[Records provided — start]

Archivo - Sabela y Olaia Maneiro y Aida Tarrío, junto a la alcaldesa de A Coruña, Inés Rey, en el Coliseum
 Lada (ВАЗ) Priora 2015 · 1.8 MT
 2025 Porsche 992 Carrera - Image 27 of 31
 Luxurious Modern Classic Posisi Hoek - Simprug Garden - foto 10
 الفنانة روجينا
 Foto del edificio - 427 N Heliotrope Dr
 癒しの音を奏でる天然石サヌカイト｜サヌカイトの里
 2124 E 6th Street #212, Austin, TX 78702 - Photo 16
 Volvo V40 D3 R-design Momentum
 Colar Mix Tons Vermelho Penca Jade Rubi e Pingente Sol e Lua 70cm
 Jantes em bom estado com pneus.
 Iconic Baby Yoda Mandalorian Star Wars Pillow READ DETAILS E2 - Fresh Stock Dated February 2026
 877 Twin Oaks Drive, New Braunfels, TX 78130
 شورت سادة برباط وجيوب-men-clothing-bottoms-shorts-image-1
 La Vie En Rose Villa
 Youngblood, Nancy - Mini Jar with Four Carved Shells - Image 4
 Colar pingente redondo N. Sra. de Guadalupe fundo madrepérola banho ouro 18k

[Records provided — finish]

# Task prompt:
Set down exactly the lines from the one that contains "877 Twin Oaks Drive, New Braunfels, TX 78130" to the final line above, both included, and nothing more.

# Exercise answer:
 877 Twin Oaks Drive, New Braunfels, TX 78130
 شورت سادة برباط وجيوب-men-clothing-bottoms-shorts-image-1
 La Vie En Rose Villa
 Youngblood, Nancy - Mini Jar with Four Carved Shells - Image 4
 Colar pingente redondo N. Sra. de Guadalupe fundo madrepérola banho ouro 18k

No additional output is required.